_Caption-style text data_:
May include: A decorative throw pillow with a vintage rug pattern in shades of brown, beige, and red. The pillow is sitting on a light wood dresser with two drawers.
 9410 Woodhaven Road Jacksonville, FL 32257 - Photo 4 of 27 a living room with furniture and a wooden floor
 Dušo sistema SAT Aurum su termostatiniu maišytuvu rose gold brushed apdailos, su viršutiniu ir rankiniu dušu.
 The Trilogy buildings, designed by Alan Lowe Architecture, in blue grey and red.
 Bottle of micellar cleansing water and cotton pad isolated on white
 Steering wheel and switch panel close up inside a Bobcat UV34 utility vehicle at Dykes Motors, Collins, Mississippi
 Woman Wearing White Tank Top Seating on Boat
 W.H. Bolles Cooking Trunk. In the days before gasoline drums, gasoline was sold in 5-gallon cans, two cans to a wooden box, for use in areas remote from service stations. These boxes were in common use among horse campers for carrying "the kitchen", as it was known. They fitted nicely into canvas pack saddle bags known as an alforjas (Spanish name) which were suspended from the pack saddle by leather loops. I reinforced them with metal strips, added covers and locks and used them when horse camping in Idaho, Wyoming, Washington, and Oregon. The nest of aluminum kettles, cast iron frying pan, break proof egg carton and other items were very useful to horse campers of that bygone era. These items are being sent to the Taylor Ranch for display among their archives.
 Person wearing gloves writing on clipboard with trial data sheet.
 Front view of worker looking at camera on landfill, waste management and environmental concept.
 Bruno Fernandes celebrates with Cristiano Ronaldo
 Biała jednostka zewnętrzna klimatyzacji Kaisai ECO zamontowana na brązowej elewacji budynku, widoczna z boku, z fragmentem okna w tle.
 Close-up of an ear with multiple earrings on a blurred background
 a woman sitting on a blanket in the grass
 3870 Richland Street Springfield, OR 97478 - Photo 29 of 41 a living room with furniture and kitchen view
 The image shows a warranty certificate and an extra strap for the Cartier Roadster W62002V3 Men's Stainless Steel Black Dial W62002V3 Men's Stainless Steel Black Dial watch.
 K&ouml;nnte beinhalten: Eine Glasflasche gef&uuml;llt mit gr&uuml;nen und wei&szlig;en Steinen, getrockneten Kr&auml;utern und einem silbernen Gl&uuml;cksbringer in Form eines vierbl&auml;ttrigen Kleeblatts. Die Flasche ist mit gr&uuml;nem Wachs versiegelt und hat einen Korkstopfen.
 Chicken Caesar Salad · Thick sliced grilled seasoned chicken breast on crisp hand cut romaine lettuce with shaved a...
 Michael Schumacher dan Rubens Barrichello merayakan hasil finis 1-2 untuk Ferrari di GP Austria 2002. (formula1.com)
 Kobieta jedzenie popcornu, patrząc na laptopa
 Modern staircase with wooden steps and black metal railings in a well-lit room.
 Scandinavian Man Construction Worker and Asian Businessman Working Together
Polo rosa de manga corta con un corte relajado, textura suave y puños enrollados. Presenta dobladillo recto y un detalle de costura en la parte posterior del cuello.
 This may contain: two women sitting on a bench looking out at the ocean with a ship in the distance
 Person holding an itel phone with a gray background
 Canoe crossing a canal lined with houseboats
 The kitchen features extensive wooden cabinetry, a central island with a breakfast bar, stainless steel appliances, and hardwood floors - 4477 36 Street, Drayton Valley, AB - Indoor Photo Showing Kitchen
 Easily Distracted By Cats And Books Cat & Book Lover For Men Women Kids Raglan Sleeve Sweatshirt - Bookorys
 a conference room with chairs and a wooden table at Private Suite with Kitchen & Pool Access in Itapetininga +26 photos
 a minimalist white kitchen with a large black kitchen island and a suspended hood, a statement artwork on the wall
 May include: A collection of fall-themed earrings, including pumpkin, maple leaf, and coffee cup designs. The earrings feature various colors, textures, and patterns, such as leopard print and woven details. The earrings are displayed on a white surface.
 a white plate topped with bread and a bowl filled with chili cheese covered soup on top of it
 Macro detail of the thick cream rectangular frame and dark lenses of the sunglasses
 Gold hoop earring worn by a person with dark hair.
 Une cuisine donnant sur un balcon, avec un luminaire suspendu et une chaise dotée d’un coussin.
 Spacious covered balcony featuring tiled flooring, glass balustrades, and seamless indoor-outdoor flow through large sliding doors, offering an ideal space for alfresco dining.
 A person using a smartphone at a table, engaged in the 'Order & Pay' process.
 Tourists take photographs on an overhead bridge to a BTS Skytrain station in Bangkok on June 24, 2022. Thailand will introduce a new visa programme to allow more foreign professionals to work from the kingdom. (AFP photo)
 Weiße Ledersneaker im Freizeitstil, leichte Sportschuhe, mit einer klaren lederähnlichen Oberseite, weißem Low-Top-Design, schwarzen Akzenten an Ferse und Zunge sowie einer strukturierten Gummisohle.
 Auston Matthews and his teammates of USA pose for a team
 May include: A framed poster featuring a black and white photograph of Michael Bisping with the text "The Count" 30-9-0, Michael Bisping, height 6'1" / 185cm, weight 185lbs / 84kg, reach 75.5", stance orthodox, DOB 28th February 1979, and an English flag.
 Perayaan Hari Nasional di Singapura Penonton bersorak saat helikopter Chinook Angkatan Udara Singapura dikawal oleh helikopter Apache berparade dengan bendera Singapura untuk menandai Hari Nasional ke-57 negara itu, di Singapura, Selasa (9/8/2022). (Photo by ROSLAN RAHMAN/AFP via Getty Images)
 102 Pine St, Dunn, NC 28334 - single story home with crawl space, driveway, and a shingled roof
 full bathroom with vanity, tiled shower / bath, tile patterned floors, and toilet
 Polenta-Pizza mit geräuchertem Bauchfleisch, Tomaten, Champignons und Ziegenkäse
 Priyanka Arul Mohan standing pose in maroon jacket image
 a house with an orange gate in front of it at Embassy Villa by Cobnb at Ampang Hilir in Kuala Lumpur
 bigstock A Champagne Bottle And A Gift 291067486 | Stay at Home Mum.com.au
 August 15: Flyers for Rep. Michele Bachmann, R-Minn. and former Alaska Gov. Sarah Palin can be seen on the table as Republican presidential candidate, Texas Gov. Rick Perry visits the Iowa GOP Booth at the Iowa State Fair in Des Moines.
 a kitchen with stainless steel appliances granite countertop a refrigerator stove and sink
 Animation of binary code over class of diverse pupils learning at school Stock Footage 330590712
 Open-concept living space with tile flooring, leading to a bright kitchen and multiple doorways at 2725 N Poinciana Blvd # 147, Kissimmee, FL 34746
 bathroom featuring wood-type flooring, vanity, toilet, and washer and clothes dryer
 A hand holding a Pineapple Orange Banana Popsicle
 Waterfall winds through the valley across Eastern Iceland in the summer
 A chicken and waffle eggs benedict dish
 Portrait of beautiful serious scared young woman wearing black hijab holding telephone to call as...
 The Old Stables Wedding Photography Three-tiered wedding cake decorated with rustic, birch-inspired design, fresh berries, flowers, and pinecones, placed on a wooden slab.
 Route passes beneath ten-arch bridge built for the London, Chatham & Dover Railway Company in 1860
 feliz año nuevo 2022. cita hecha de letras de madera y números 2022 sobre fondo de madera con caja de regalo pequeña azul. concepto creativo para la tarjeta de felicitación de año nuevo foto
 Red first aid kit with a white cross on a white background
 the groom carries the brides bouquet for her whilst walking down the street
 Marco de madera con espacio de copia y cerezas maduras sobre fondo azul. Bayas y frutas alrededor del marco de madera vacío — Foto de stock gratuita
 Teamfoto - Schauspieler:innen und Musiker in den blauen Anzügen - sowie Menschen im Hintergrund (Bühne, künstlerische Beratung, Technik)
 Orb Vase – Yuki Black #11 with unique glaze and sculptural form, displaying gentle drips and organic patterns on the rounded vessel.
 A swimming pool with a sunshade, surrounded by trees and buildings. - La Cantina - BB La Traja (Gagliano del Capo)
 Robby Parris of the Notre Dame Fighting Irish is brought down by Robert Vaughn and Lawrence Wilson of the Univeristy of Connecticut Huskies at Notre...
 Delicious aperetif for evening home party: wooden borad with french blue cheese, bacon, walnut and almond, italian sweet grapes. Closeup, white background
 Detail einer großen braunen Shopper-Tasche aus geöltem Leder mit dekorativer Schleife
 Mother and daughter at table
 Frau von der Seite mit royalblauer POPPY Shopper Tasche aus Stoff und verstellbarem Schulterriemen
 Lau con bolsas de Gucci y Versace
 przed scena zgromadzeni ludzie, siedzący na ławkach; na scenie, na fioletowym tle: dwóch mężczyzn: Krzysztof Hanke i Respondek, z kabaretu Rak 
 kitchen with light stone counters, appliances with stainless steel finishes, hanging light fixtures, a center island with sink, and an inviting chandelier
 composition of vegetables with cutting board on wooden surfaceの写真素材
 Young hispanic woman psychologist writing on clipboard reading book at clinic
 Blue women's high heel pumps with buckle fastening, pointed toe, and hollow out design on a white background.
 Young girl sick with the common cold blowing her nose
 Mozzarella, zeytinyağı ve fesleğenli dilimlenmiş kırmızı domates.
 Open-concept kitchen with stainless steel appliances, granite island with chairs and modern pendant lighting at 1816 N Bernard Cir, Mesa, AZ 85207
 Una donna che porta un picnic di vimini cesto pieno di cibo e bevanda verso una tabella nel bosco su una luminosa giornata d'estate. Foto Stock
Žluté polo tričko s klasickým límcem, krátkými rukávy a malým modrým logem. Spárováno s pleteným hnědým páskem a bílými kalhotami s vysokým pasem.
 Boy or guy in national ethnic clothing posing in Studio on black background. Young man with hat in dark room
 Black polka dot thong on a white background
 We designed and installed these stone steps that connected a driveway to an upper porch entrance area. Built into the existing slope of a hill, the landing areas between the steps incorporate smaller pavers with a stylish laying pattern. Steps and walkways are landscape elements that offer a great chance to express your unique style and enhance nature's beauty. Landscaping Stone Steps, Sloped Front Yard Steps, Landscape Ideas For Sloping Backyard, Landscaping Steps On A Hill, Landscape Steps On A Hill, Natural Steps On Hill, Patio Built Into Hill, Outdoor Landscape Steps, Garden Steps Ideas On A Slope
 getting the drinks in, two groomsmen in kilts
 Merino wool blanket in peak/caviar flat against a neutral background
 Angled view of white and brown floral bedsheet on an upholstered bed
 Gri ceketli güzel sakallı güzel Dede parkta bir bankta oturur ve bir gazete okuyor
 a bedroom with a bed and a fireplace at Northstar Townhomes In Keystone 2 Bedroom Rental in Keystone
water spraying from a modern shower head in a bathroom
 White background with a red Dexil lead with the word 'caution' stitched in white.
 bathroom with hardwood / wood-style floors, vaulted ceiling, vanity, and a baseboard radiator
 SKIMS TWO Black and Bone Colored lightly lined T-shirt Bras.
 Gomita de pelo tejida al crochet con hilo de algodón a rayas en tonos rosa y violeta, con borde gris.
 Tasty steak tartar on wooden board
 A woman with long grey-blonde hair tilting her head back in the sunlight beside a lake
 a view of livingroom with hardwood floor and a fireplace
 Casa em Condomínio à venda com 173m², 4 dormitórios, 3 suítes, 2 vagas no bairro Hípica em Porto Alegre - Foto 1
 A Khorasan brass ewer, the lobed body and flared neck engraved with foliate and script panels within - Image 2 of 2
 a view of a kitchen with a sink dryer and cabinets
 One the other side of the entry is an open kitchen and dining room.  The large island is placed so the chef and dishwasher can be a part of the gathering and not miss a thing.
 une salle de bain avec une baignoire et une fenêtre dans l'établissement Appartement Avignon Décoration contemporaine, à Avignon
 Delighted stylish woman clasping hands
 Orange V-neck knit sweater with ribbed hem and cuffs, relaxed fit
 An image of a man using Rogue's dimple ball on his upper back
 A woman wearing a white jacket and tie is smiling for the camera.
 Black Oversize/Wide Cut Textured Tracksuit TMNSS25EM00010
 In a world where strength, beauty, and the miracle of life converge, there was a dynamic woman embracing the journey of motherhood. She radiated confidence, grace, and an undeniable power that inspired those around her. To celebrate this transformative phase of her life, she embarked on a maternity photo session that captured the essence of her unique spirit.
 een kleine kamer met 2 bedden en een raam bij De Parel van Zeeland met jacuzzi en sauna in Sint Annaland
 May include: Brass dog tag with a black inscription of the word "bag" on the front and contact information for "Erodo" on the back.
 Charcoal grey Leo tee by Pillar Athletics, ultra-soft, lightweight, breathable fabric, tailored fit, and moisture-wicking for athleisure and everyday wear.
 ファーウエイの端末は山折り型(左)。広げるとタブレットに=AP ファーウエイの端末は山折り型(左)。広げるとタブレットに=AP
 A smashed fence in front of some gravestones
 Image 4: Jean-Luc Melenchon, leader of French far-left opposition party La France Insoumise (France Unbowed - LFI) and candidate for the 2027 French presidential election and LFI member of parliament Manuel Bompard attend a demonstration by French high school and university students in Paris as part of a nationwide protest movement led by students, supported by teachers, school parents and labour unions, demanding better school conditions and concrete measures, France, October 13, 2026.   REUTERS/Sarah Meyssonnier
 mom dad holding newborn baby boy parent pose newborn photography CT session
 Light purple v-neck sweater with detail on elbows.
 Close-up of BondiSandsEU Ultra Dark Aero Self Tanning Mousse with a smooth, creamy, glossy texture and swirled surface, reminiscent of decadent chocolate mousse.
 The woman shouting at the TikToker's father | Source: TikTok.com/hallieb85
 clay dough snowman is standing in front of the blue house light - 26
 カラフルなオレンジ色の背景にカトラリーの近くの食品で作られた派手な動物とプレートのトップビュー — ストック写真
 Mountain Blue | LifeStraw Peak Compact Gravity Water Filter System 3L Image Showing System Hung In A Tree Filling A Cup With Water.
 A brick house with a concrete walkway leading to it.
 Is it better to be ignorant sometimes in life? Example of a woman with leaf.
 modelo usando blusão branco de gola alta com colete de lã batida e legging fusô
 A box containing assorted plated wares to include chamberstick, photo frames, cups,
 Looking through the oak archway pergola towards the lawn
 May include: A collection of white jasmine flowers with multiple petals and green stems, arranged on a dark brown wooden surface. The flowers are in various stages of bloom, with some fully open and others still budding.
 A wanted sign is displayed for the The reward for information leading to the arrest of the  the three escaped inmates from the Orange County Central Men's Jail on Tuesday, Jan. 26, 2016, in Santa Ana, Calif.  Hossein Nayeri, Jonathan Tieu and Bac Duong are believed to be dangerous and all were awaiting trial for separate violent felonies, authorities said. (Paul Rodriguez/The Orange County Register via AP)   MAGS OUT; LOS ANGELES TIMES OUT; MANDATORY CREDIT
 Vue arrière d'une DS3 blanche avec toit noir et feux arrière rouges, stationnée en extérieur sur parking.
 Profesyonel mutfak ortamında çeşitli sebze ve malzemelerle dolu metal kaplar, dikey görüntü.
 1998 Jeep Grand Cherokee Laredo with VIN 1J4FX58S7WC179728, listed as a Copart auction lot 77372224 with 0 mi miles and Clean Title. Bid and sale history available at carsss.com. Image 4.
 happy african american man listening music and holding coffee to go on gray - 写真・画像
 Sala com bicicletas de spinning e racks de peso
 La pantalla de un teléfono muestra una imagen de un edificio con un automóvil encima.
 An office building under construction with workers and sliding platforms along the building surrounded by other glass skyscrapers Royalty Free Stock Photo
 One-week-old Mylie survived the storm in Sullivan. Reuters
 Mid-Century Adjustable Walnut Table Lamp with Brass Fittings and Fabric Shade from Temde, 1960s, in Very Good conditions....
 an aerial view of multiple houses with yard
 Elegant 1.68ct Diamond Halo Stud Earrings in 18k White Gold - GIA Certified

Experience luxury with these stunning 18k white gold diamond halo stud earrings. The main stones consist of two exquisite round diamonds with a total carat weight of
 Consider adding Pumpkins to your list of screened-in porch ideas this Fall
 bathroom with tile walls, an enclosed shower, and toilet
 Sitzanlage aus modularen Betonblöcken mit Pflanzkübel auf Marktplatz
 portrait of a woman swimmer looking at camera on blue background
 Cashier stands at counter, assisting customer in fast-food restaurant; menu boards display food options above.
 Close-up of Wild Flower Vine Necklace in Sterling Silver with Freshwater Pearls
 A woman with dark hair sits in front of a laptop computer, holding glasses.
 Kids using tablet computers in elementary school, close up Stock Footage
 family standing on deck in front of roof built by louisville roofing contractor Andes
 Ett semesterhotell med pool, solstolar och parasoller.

_Task details_:
Beginning at the line above that contains "Experience luxury with", return each line exactly through the line that contains "Consider adding Pumpkins", and no others.

_Task result_:
Experience luxury with these stunning 18k white gold diamond halo stud earrings. The main stones consist of two exquisite round diamonds with a total carat weight of
 Consider adding Pumpkins to your list of screened-in porch ideas this Fall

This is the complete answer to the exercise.